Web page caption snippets
------------------------

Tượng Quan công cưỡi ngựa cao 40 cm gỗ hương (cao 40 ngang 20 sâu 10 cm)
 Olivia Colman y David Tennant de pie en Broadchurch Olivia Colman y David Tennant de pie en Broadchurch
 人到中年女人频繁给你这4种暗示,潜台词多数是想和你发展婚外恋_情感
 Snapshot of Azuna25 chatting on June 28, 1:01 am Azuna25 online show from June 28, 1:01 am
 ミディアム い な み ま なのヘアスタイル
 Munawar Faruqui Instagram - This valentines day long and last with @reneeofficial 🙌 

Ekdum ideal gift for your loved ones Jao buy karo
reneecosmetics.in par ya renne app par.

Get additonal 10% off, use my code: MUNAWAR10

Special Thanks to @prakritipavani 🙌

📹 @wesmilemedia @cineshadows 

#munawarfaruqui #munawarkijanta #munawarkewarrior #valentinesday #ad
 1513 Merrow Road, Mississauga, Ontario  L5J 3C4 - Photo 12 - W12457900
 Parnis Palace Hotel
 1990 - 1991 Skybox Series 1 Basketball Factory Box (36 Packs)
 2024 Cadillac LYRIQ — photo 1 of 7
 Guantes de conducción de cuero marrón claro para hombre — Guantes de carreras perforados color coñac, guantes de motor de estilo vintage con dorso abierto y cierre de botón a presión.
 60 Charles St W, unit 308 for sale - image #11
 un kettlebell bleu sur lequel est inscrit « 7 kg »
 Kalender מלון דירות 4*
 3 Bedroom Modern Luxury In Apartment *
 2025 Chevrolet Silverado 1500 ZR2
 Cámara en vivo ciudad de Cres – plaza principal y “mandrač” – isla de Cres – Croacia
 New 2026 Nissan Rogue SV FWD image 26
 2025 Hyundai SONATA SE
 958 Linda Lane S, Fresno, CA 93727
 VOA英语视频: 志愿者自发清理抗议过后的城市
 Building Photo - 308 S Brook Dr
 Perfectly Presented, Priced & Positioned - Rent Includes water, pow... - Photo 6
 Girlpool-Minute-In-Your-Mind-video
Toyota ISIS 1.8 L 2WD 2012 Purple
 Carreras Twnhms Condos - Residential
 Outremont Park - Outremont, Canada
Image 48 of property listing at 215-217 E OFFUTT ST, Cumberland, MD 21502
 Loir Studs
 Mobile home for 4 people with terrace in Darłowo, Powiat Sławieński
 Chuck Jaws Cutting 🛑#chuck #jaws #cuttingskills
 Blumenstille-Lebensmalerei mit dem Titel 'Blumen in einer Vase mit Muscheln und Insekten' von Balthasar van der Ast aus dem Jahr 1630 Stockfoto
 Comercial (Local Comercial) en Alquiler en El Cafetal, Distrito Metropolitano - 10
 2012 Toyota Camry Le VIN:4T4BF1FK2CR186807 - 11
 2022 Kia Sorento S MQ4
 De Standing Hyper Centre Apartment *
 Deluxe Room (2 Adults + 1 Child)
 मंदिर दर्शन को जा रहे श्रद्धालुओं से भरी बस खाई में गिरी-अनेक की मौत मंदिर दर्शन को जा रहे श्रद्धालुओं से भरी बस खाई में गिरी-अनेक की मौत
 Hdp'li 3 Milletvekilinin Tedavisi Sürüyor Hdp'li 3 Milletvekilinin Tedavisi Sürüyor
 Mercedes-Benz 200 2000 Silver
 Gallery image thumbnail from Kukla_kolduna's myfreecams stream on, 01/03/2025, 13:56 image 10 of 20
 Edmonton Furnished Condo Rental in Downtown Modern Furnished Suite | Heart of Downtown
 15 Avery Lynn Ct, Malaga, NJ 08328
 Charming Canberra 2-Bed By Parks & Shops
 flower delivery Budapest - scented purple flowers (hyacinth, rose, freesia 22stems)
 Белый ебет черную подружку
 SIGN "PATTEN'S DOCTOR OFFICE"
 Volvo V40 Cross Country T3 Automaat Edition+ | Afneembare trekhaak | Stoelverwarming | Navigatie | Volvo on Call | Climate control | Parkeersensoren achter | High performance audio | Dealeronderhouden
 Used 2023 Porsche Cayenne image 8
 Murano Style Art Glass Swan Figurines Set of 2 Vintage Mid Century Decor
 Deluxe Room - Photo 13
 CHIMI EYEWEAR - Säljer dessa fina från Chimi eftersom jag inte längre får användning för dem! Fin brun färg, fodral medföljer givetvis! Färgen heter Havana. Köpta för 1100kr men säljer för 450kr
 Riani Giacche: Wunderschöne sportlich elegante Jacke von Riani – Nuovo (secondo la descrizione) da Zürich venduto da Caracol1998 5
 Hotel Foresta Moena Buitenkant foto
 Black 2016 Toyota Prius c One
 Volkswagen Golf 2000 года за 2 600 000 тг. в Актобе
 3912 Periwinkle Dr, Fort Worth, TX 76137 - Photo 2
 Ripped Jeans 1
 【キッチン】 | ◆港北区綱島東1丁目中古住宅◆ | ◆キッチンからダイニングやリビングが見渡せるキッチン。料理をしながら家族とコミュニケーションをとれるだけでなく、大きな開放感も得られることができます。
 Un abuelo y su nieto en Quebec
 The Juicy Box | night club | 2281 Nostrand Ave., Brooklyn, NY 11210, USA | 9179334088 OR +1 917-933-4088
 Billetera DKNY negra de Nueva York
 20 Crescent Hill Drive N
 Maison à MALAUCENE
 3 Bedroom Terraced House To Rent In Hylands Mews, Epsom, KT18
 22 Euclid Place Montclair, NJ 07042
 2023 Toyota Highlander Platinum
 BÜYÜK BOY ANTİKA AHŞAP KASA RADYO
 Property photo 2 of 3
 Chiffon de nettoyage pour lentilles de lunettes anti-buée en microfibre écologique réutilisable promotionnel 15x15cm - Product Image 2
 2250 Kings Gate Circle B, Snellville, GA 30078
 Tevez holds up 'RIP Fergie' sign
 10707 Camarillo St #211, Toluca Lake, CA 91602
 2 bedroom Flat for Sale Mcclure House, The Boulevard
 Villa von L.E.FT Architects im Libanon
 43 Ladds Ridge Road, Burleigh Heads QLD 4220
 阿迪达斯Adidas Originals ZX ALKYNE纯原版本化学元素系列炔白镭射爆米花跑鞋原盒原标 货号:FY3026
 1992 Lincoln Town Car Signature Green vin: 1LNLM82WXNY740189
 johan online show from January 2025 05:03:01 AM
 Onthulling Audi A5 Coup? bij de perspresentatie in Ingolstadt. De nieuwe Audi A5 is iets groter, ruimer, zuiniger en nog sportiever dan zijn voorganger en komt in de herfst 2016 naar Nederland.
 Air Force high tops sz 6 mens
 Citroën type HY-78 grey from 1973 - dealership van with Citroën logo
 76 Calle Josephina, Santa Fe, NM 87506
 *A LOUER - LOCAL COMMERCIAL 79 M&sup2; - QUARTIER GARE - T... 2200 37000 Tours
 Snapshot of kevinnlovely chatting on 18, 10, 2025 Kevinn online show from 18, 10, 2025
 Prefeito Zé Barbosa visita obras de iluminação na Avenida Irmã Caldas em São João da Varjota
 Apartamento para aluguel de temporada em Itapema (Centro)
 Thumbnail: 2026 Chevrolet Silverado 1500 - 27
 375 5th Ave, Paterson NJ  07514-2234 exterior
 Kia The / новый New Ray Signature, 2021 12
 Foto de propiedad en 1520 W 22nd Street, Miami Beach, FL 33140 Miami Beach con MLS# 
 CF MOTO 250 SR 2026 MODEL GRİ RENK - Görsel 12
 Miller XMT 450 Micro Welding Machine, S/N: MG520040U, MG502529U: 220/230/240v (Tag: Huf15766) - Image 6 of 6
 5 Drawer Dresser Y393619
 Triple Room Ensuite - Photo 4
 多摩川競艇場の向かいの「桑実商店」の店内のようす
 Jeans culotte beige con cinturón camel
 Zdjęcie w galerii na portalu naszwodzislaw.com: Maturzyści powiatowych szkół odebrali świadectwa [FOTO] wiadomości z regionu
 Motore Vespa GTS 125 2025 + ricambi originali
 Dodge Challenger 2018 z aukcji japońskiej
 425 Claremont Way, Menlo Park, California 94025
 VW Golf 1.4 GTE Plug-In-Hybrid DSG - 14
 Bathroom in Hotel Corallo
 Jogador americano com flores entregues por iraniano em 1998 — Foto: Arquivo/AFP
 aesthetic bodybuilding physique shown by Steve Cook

------------------------

WORK INSTRUCTION: All lines in the records that contain "Apartment" are to be copied and returned.

REPLY TO THE EXERCISE:
 3 Bedroom Modern Luxury In Apartment *
 De Standing Hyper Centre Apartment *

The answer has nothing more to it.